A high-tech gravity mission such as GOCE required that the satellite and the system of sensor and control elements formed one ‘gravity-measuring device’.

In other words, in contrast to most remote-sensing missions, there was virtually no division between the satellite and its instruments.

GOCE’s main instrument was the Electrostatic Gravity Gradiometer (EGG), a set of six 3-axis accelerometers mounted in a diamond configuration in an ultra-stable structure.

Each accelerometer pair formed a ‘gradiometer arm’ 50 cm long, with the difference in gravitational pull measured between the two ends. Three arms were mounted orthogonally: along-track, cross-track and vertically.

The gradiometer was 100 times more sensitive than any sensor of the same type previously flown in space.

The gradiometer measured gravity gradients in all directions. It was specifically designed for the stationary gravity field – measuring the geoid and gravity anomalies with high accuracy and high spatial resolution.

GPS tracking
GPS tracking

An onboard GPS receiver used as a Satellite-to-Satellite Tracking Instrument (SSTI) supplemented the gradiometer measurements. It consisted of an advanced dual-frequency, 12-channel GPS receiver and an L-band antenna. The SSTI receiver was capable of acquiring signals simultaneously broadcast from up to 12 satellites in the GPS constellation.

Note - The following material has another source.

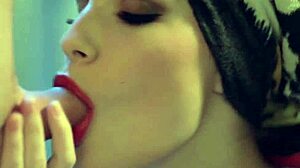 Erotic Brunette Babe Delivers Sensual CFNM Blowjob Facial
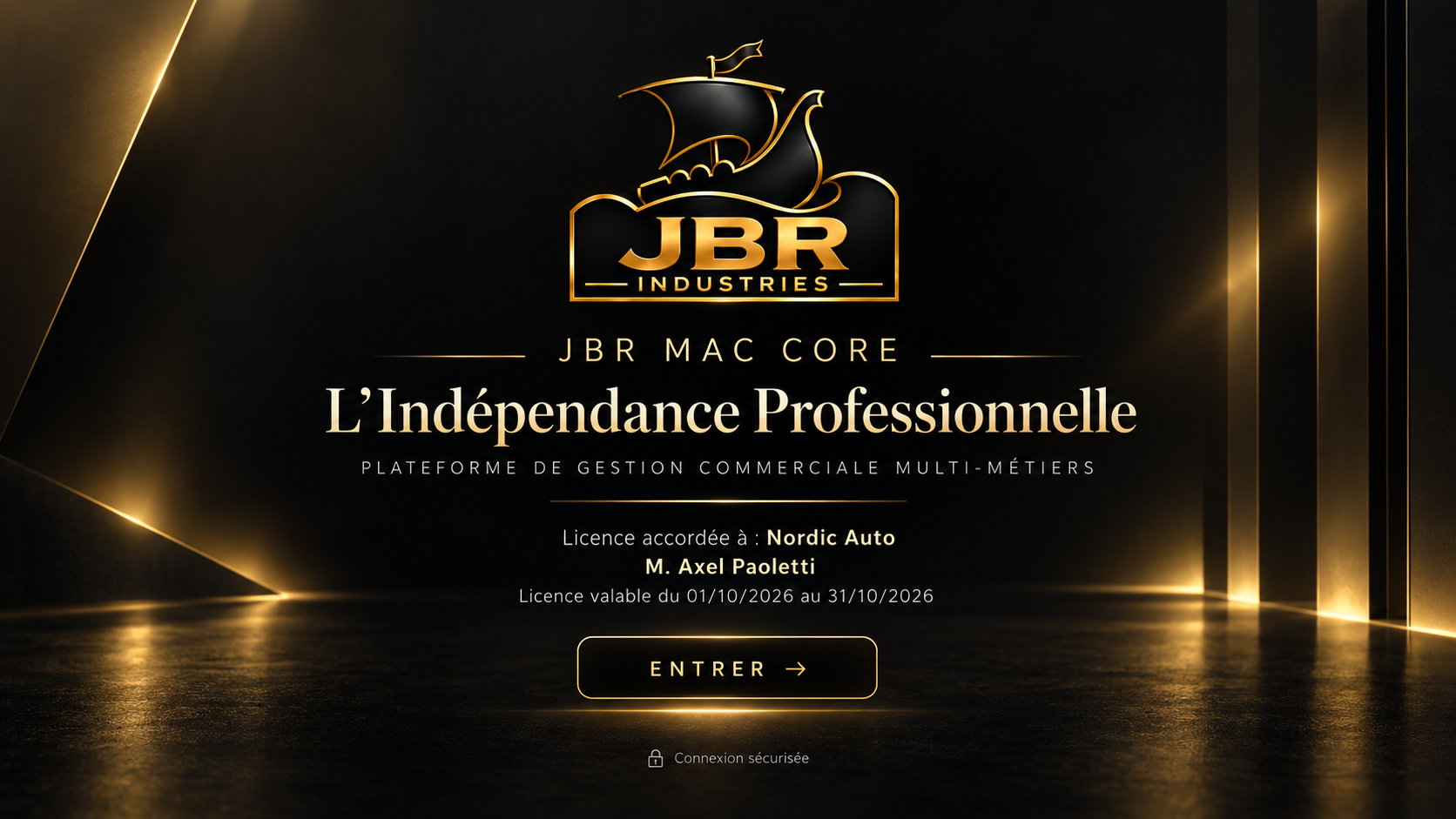 JBR Industries — JBR MAC CORE — L’Indépendance Professionnelle — Plateforme de gestion commerciale multi-métiers — Licence accordée à Nordic Auto, M. Axel Paoletti, du 01/10/2026 au 31/10/2026 — Connexion sécurisée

The SSTI delivered, at 1Hz, pseudo-range and carrier-phase measurements on both GPS frequencies, as well as a realtime orbit navigation solution.

The advanced drag compensation and attitude-control system was a key feature required to keep the accelerometer sensor heads in near 'free fall motion' and to maintain the orbit altitude at about 250 km. The system was based on ion-propulsion technology. The electric ion propulsion system comprised two thruster units (one as backup) mounted at the back of the satellite.

Counteracting drag
Counteracting drag

The thrusters could be throttled between 1 and 20 millinewtons (mN),  set automatically, depending on the actual realtime drag the satellite experienced in orbit.

A particular feature of the GOCE system design was that the drag-free and attitude-control system used the scientific payload as a sensor.

GOCE also had a Laser Retroreflector to allow its precise orbit to be tracked by a global network of ground stations through the Satellite Laser Ranging Service. This provided accurate positioning for orbit determination and data products.